Fort Worth is electing a new mayor Saturday in a race that resembles a Texas battleground and could lead to key decisions over policing in one of America’s largest cities as a former officer awaits trial over the 2019 fatal shooting of a Black woman.
The weekend runoff will decide the first new mayor in a decade for Fort Worth — Texas’ only big city with a GOP mayor as Democrats have made inroads into the red state’s most booming areas.
Although the race is officially nonpartisan, the feel of it is not: Deborah Peoples, a former Democratic Party county chairwoman who would become the city’s first Black mayor, was the top-vote getter in a crowded 10-candidate field in May. She advanced to the runoff along with Mattie Parker, a former top aide of the outgoing mayor whose GOP backers include Republican Gov. Greg Abbott.
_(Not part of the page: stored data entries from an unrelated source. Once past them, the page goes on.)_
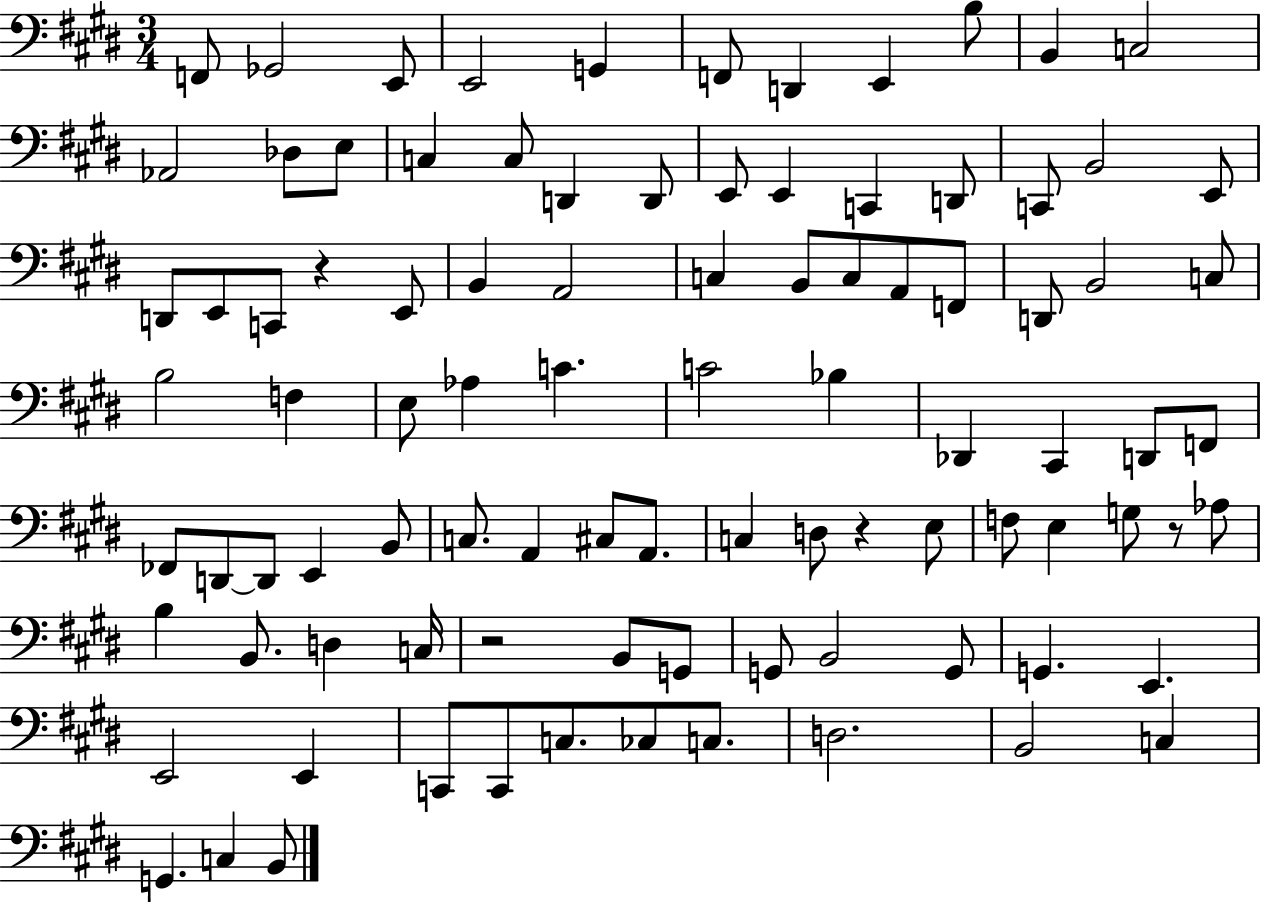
X:1
T:Untitled
M:3/4
L:1/4
K:E
F,,/2 _G,,2 E,,/2 E,,2 G,, F,,/2 D,, E,, B,/2 B,, C,2 _A,,2 _D,/2 E,/2 C, C,/2 D,, D,,/2 E,,/2 E,, C,, D,,/2 C,,/2 B,,2 E,,/2 D,,/2 E,,/2 C,,/2 z E,,/2 B,, A,,2 C, B,,/2 C,/2 A,,/2 F,,/2 D,,/2 B,,2 C,/2 B,2 F, E,/2 _A, C C2 _B, _D,, ^C,, D,,/2 F,,/2 _F,,/2 D,,/2 D,,/2 E,, B,,/2 C,/2 A,, ^C,/2 A,,/2 C, D,/2 z E,/2 F,/2 E, G,/2 z/2 _A,/2 B, B,,/2 D, C,/4 z2 B,,/2 G,,/2 G,,/2 B,,2 G,,/2 G,, E,, E,,2 E,, C,,/2 C,,/2 C,/2 _C,/2 C,/2 D,2 B,,2 C, G,, C, B,,/2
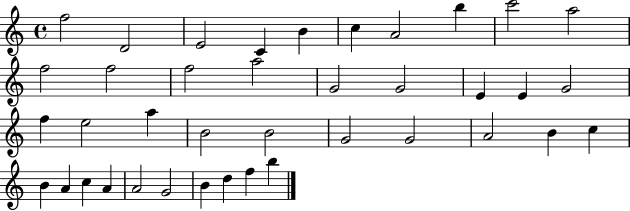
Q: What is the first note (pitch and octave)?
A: F5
The Texas Democratic Party has endorsed Peoples, while Republicans have brought activists from around the state into Fort Worth in an effort to hold the line.
“It’s become a very partisan race, and unfortunately, that has become the reality of this election,” said Rick Barnes, chairman of the Tarrant County Republican Party.
The winner will take office just weeks before the scheduled August trial of a former Fort Worth police office charged with murder in the shooting death of Atatiana Jefferson, a Black woman who was fatally shot through a window in 2019.
Jefferson had been babysitting her 8-year-old nephew at her mother’s home when a neighbor called a non-emergency police line to report that a door was ajar. Police have said that Dean opened fire from outside through a window after “perceiving a threat.”
The former officer, Aaron Dean, resigned after the shooting.
Outgoing Mayor Betsy Price called for a top-to-bottom review of the police department after the shooting and her successor could decide whether Fort Worth moves forward with establishing a civilian review board recommended by a race and culture task force. Parker has not committed to the idea, Peoples has said the city had ignored recommendations put forward by its citizens.
Fort Worth, which is approaching 1 million residents, is about 40% white, 35% Hispanic and 19% black.
“The people have spoken for years saying that we want independent community police oversight from Fort Worth,” said Pamela Young, a lead organizer for United Fort Worth, which has pushed for policing reforms in the city.
Peoples lost her first run for mayor by double digits in 2019 but Democrats are hopeful that an open seat and shifting trends are in favor this time. President Joe Biden narrowly carried the surrounding county in November, four years after former President Donald Trump won there by more than 8 points.